El embalse de La Colada -construido entre los términos municipales de Belalcázar, El Viso e Hinojosa del Duque- está al 10% de su capacidad tras año y medio del inicio de su puesta en carga y con el agua al 56% de la altura de la presa, detalló el ingeniero Daniel García-Lorenzana en la reciente reunión que el Comité Nacional de Grandes Presas celebró en Córdoba. "No hemos tenido suerte con las avenidas y es que echamos de menos desagües de fondo adecuados para cumplir con los plazos", insistió el ingeniero. De esta manera, aún quedan unos dos años para que esa operación de puesta en carga se complete.

Tal y como recordó García-Lorenzana, la inyección de las juntas y el desvió del río se realizó en la primavera del 2006, "iniciándose la puesta en carga en mayo de 2007", una vez realizado su plan de emergencia y realizada su implantación. Fuentes de la sociedad estatal Hidroguadiana -responsable de la construcción del embalse- ya apuntaron a El Día que "como es un proceso que depende de los aportes hídricos naturales y el año transcurrido ha sido especialmente seco, serán necesarios dos años más para completar la puesta en carga, suponiendo una pluviometría normal". En el momento de la puesta en carga se hizo una previsión de la evolución del nivel de embalse y se establecieron cinco escalones a distintos niveles, dividiendo aproximadamente en cinco partes la altura total desde el cimiento de la presa hasta el nivel máximo situado en el aliviadero. De esta forma, se permite la observación continua del comportamiento del pantano y su entonces cimentación, explicaron desde Hidroguadiana.

Del mismo modo, también se está analizando permanentemente "el máximo ritmo recomendable en las variaciones de nivel, teniendo un control exhaustivo de las velocidades ascensionales de la lámina de agua". Otro de los aspectos que se está observando y vigilando es el comportamiento de los órganos de desagüe en relación con su capacidad para controlar los niveles. Por tanto, una vez alcanzado el nivel de embalse de cada escalón de carga, se procede al desagüe y se controla en todo momento los caudales y los descensos de la lámina. Durante ese proceso se efectúan una serie de comprobaciones y observaciones en todos los equipos de control de auscultación instalados en la presa, para determinar el óptimo comportamiento de la estructura.
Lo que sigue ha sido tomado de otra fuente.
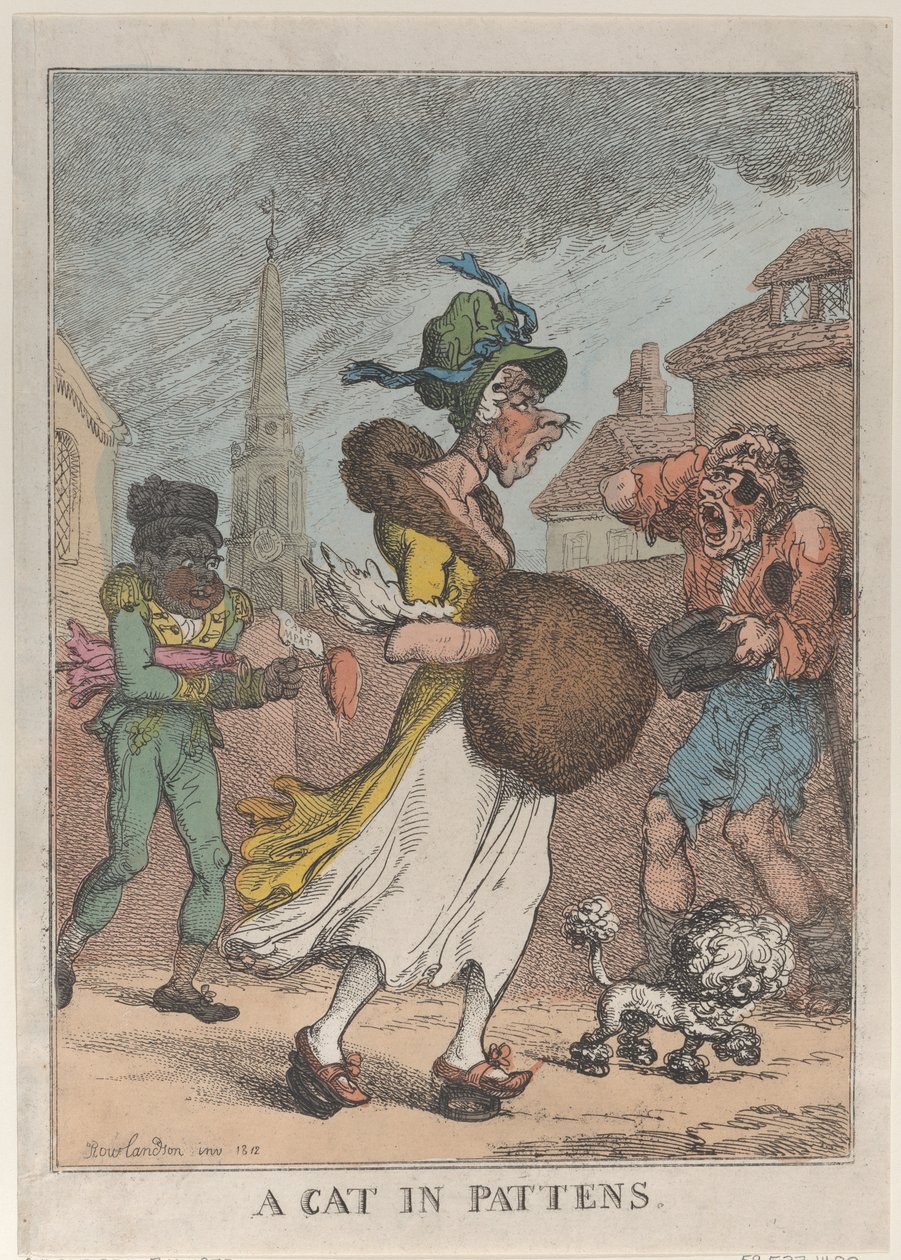Un chat en sabots, 1812 - Thomas Rowlandson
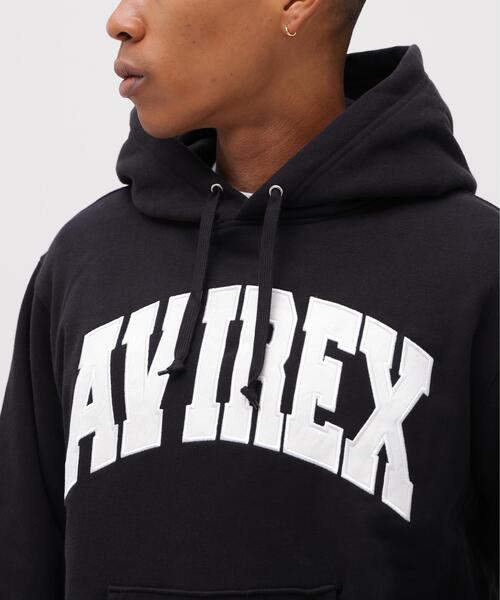 AVIREX(アヴィレックス)の「《DAILY/デイリー》PULLOVER SWEAT PARKA LOGO / プルオーバー スウェット パーカー ロゴ / AVIREX / アヴィレックス(パーカー・メンズ・ネイビー/ブラック/ホワイト系2/その他17・L/M/XL/2XL)」の13枚目の写真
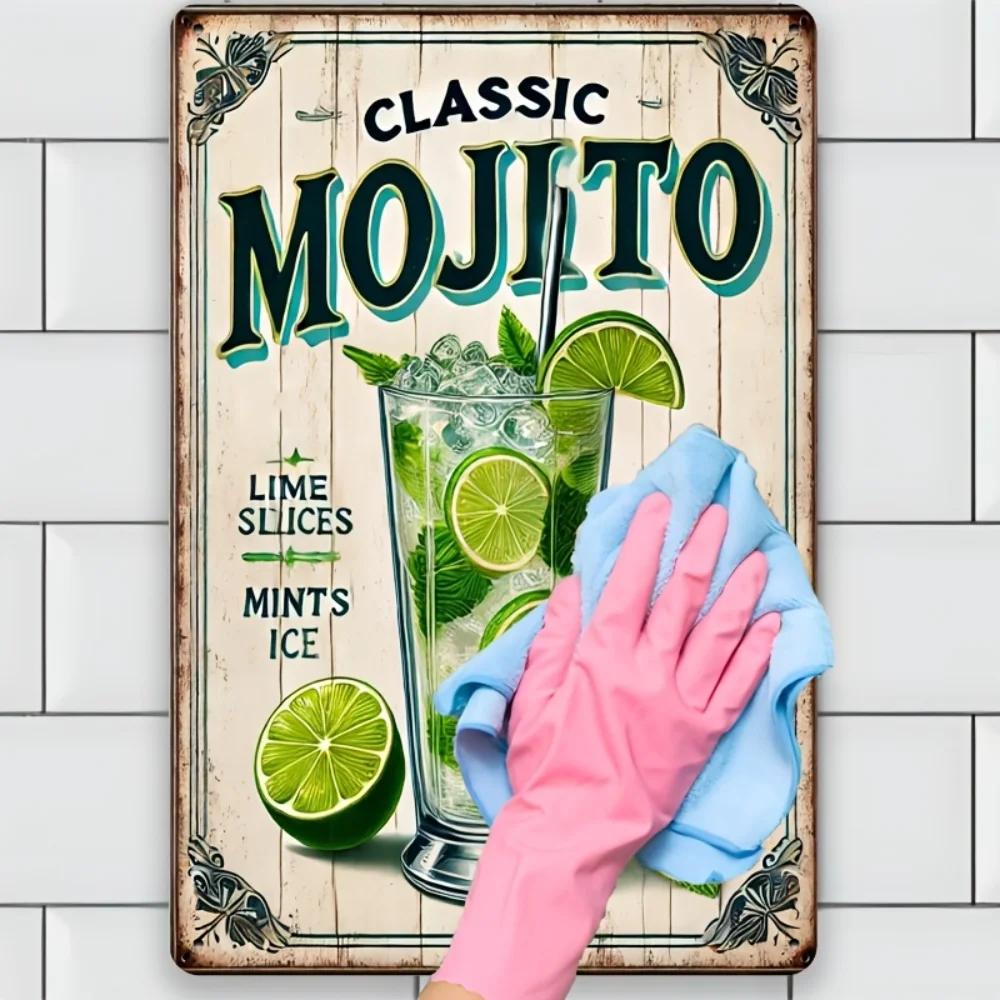 RetroTinWorks Classic Mojito Metal Sign | Vintage Cocktail Decor | Iron Material | Beach Houses & Themed Cafes | Mint Leaf 20x30cm(7.8x11.8inch)
RetroTinWorks Classic Mojito Metal Sign | Vintage Cocktail Decor | Iron Material | Beach Houses & Themed Cafes | Mint Leaf 20x30cm(7.8x11.8inch)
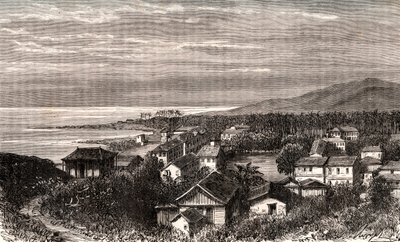 Cayenne - Commune in Overseas Guyana - engraving in 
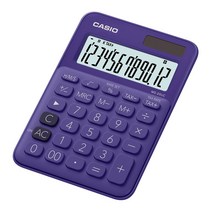 카시오 본사직영 MS-20UC 일반용 컬러계산기, PL(퍼플)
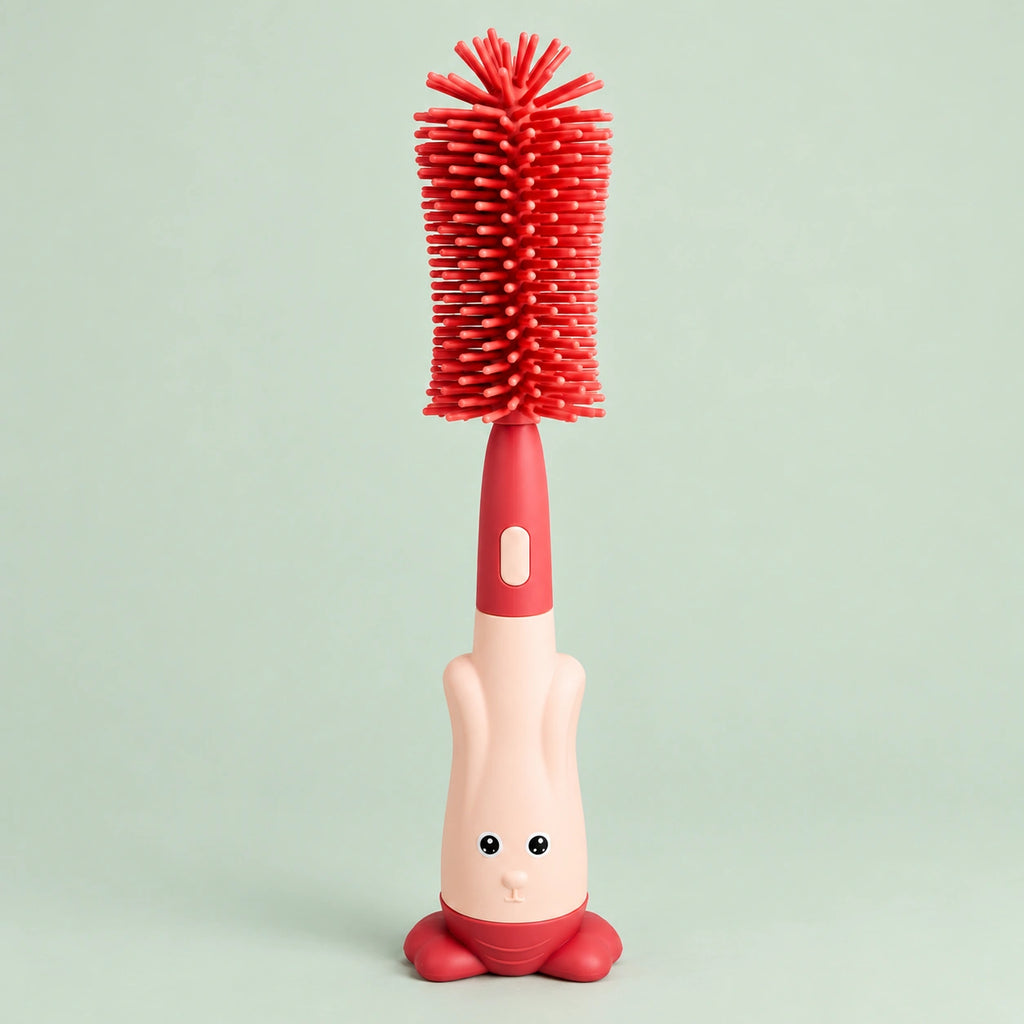 Baby Bottle Cleaning Brush Set – Cute & Practical Cleaning Solution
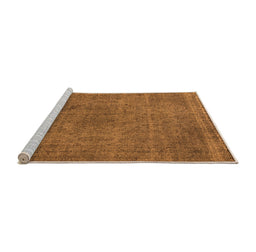 Sideview of Machine Washable Oriental Orange Industrial Area Rugs, wshurb2242org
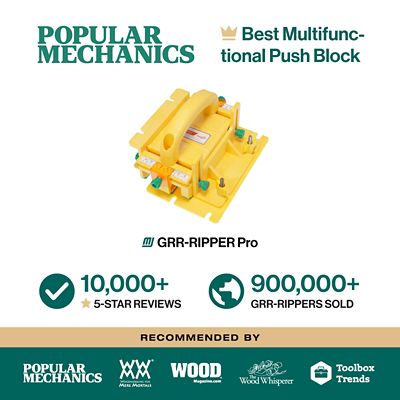 Image showing 9 th MICROJIG GRR-RIPPER PRO Push Block Includes NEW SafeRip Kit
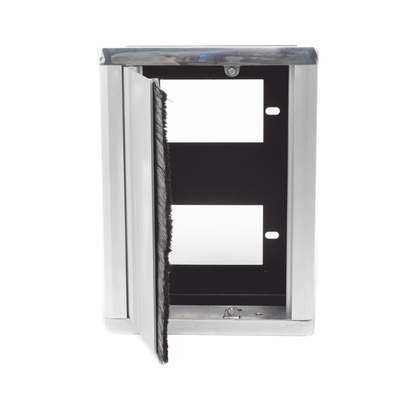 Caja Universal Vacía de 2 Módulos para Instalación en Escritorio (Voz, Datos, Video, Contactos Eléctricos), (No Incluye Accesorios)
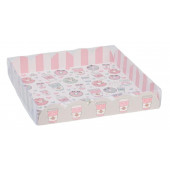 Коробка для кондитерских изделий с PVC крышкой  «Доброе утро!», 18 х 18 х 3 см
A comienzos del mes de abril se registraron las primeras tormentas, que supusieron las primeras aportaciones significativas desde el inicio del llenado. El nivel de embalse se situaba entonces por encima del primer escalón de puesta en carga, con un volumen de 3,64 hectómetros cúbicos.

Después, con una lluvia acumulada registrada en la estación meteorológica de la presa de 150 litros por metros cuadrados hasta mayo, el nivel de embalse se situó en 4,68 hectómetros, o lo que es lo mismo, en algo más de un 8% de la capacidad total del embalse de La Colada.

La presa se levanta sobre el río Guadamatilla, ocupa 530 hectáreas y posee una capacidad de 58 hectómetros cúbicos. Las obras de esta infraestructura comenzaron en mayo de 2002 tras un largo debate, puesto que Hidroguadiana financia el 85% del coste y el 15% restante corresponde a la Diputación, mientras que la Junta se está haciendo cargo de la construcción de la red secundaria o infraestructuras que deberán llevar el agua hasta los grifos de los municipios de Norte cordobés.